## Material supplied
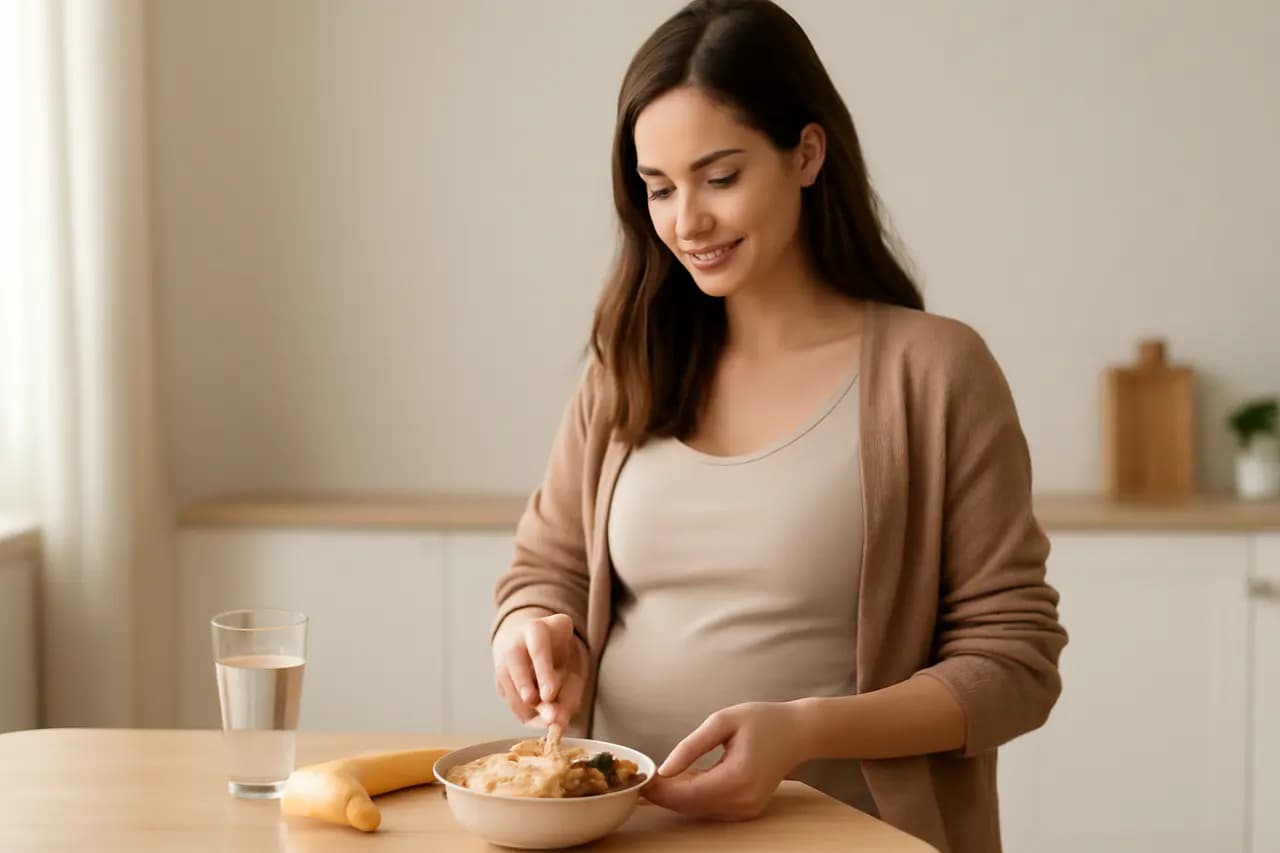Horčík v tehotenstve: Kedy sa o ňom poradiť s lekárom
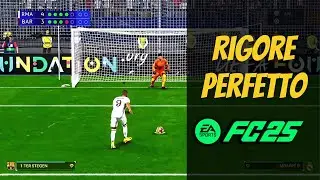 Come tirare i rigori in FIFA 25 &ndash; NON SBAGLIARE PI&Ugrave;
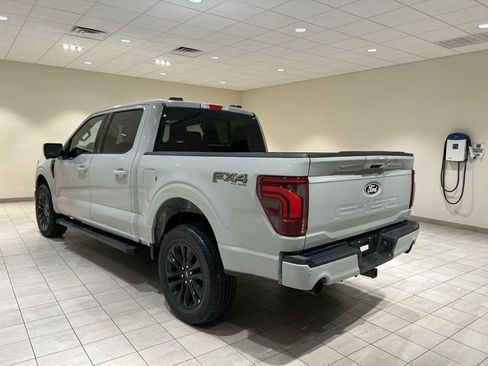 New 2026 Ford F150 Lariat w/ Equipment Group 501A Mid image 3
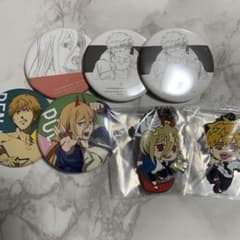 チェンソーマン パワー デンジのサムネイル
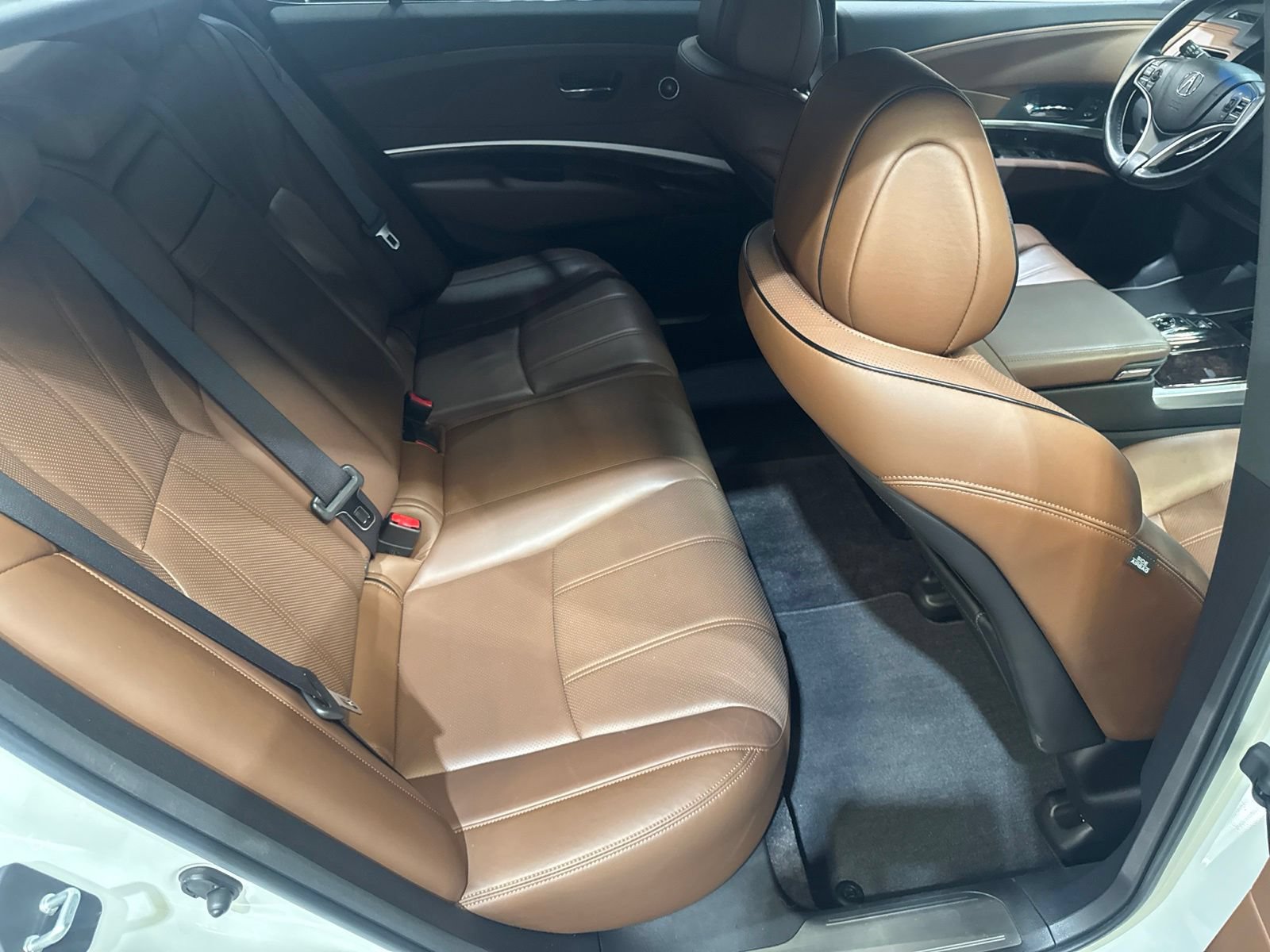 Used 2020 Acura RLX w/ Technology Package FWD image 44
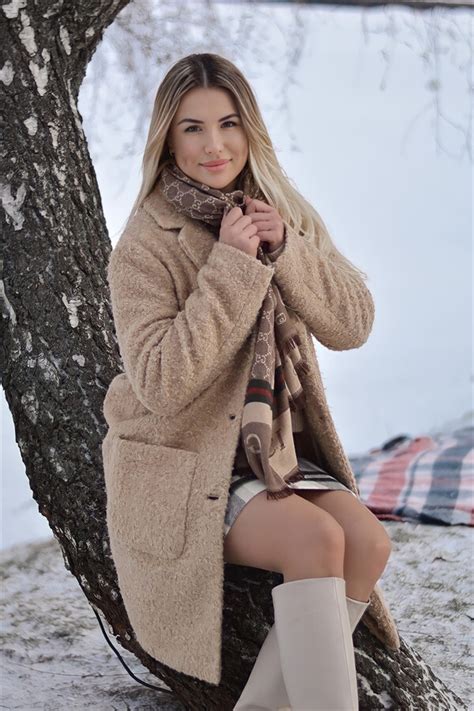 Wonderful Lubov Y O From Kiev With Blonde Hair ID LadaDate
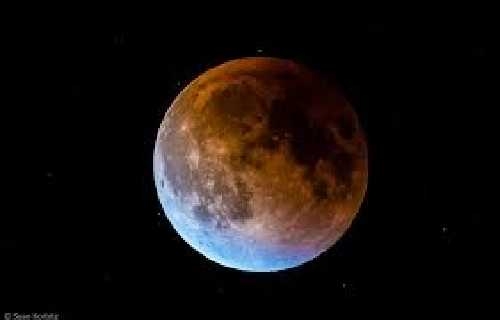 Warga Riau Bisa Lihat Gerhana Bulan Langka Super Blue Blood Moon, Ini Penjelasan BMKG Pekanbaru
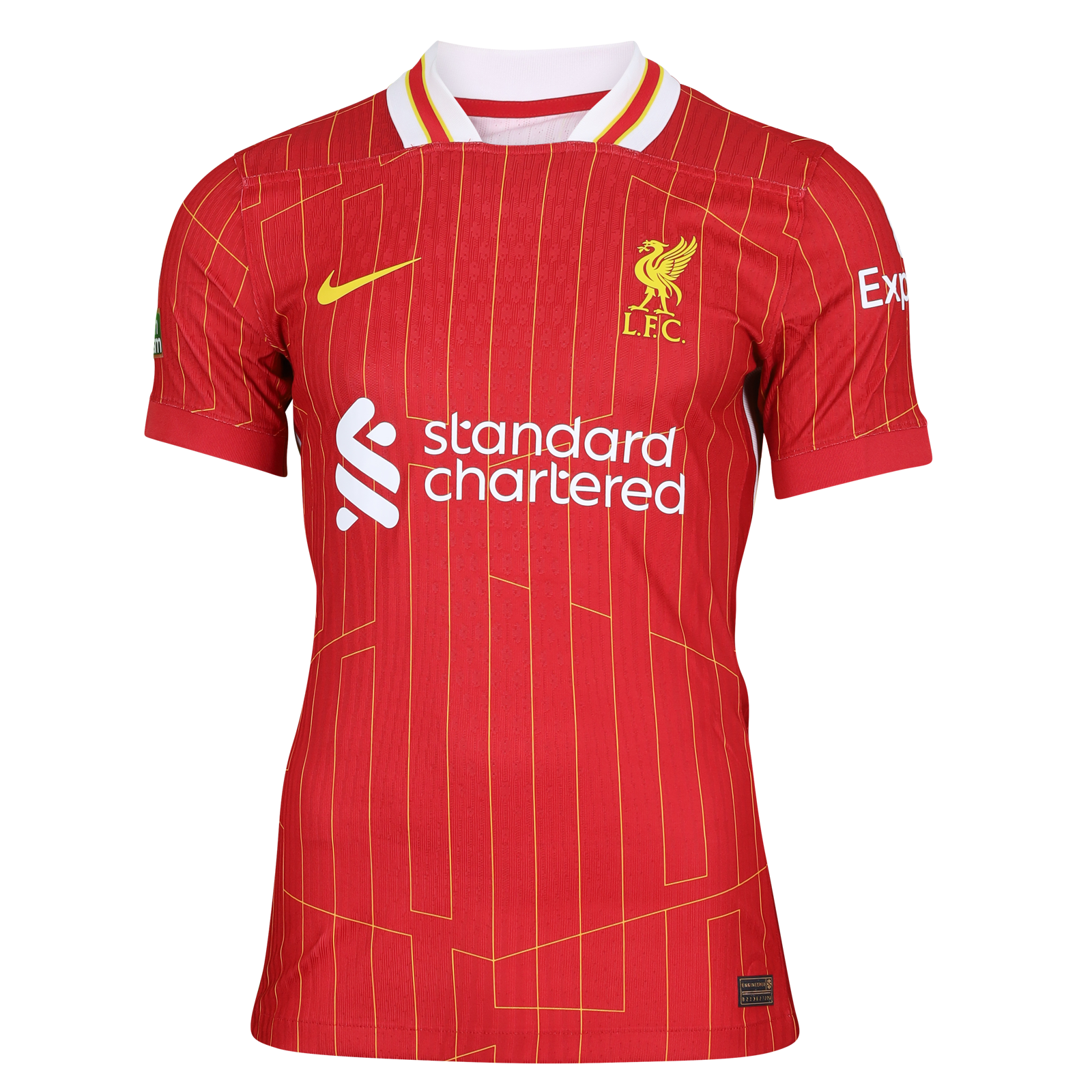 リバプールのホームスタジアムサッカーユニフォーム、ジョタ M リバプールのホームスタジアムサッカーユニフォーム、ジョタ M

## Required work
Set down word for word, from the line that contains "New 2026 Ford" to the end of the listing above, every line and no picture.

## Response below
 New 2026 Ford F150 Lariat w/ Equipment Group 501A Mid image 3
 チェンソーマン パワー デンジのサムネイル
 Used 2020 Acura RLX w/ Technology Package FWD image 44
 Wonderful Lubov Y O From Kiev With Blonde Hair ID LadaDate
 Warga Riau Bisa Lihat Gerhana Bulan Langka Super Blue Blood Moon, Ini Penjelasan BMKG Pekanbaru
 リバプールのホームスタジアムサッカーユニフォーム、ジョタ M リバプールのホームスタジアムサッカーユニフォーム、ジョタ M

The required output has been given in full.